C’est ce que rappelait, dans sa brillante conférence donnée au MBA la semaine dernière, Violaine Jeammet, commissaire de cette expo et conservatrice au Département des antiquités grecques, étrusques et romaines du Musée du Louvre. "L’artisanat d’art, expliquait-elle, a été longtemps méprisé, et ce, même dans l’Antiquité, alors qu’il était pourtant utilisé tous les jours. Dans la littérature antique, on n’en avait que pour les grands bronziers et les peintres de chevalet. Sinon, rien."
Pourquoi un tel retournement? Le goût bourgeois pour le bel objet décoratif y est certainement pour beaucoup. Dans une culture européenne où les vêtements complexes des femmes, avec leurs plis et replis, étaient devenus par un étrange déplacement le signe de la féminité, ces statues drapées ont certainement fait vibrer une corde sensible.
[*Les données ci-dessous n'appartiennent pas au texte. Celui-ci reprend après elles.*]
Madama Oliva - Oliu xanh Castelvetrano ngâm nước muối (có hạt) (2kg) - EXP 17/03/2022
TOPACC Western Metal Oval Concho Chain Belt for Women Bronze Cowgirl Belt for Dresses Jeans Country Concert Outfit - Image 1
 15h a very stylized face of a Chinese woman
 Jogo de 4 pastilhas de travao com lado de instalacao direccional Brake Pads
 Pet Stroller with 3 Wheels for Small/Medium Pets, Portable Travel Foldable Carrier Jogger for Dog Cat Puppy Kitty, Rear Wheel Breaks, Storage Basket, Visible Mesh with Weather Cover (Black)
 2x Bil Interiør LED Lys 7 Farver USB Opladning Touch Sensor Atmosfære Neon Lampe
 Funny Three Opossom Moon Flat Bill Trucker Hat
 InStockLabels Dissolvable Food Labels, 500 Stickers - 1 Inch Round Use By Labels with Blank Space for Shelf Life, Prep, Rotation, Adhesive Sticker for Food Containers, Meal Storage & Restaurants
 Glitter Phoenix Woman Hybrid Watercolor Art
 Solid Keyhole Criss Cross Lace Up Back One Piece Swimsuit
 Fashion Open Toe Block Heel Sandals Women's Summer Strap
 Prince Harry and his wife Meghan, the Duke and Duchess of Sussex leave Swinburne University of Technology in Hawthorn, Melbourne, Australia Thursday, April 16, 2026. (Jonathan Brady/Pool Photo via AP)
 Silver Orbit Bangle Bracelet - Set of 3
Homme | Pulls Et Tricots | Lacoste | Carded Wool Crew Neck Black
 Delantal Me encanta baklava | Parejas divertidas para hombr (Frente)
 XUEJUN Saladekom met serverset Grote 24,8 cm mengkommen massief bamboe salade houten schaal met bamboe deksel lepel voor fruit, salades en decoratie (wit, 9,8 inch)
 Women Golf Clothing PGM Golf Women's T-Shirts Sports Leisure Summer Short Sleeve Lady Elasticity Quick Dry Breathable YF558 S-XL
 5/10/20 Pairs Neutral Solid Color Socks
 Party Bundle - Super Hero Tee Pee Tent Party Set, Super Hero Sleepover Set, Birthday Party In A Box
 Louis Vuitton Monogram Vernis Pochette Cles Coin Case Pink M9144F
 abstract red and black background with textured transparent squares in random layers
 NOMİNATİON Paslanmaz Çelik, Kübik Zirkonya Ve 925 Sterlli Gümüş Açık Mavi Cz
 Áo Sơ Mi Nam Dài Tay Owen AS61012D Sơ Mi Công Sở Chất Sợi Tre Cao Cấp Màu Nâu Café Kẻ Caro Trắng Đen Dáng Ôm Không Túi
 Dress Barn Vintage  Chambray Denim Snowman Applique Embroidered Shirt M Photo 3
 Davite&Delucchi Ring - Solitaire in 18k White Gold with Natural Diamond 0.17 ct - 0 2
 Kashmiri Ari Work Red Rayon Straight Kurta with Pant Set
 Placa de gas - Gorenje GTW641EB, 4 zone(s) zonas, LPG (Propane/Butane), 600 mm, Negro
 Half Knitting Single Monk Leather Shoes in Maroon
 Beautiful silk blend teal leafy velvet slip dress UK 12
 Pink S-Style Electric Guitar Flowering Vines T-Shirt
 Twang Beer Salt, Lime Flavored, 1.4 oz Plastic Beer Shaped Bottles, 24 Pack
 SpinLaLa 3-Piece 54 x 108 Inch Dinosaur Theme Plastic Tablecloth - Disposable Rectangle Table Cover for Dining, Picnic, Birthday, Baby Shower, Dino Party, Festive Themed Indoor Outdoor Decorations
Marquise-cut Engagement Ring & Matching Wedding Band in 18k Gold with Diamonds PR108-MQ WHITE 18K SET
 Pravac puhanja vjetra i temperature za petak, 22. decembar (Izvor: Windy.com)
La méthode de production de ces pièces a dû elle aussi fasciner le 19e siècle industriel. En effet, ces statuettes étaient produites en série grâce à des moules (bivalves). Les têtes et les corps avaient généralement des moules séparés, ce qui permettait de créer des variations d’attitude presque infinies. Les artisans grecs allaient même jusqu’à remouler leurs statuettes et à en adapter continuellement le drapé. Un exercice de thèmes et variations sur la production en série…
Voici une expo intelligente montée par une spécialiste qui a le grand mérite d’éclaircir des questions archéologiques, sociales et artistiques complexes.
Fonction de l’art
On oublie souvent l’usage des œuvres d’art pour se contenter de leur valeur esthétique. C’est une erreur. C’est même une manière très bourgeoise de parler d’art. Tanagra: le petit peuple d’argile nous ramène à la réalité concrète de ces œuvres. Jeammet explique comment ces statues n’étaient pas au départ des bibelots décoratifs, mais servaient à des rites funéraires ou religieux (en tant qu’offrandes). Elles étaient certainement liées au culte de divinités protectrices de l’enfance (et du passage à l’âge adulte) et peut-être des femmes mariées.
Saluons la très belle et très juste mise en scène de cette expo par Christiane Michaud. Avec de simples tissus en suspension, elle a su créer une atmosphère assez théâtrale pour faire comprendre la valeur des pièces et assez intimiste pour permettre d’en apprécier les détails.
Le visiteur profitera de sa visite au MBA pour aller voir les nouvelles salles dédiées aux antiquités méditerranéennes. Elles mettent en valeur la petite mais belle collection du Musée. Y trône une nouvelle acquisition, un superbe marbre, une statue de l’Apollon Chigi du 2e siècle.
Signalons enfin deux conférences qui porteront sur la Grèce antique. Le 18 février, à 18 h, le professeur et archéologue John M. Fossey discutera de l’histoire de l’art de la Béotie; il sera suivi à 19 h par Pierre Bonnechère, du Centre d’études classiques de l’Université de Montréal, qui traitera des oracles.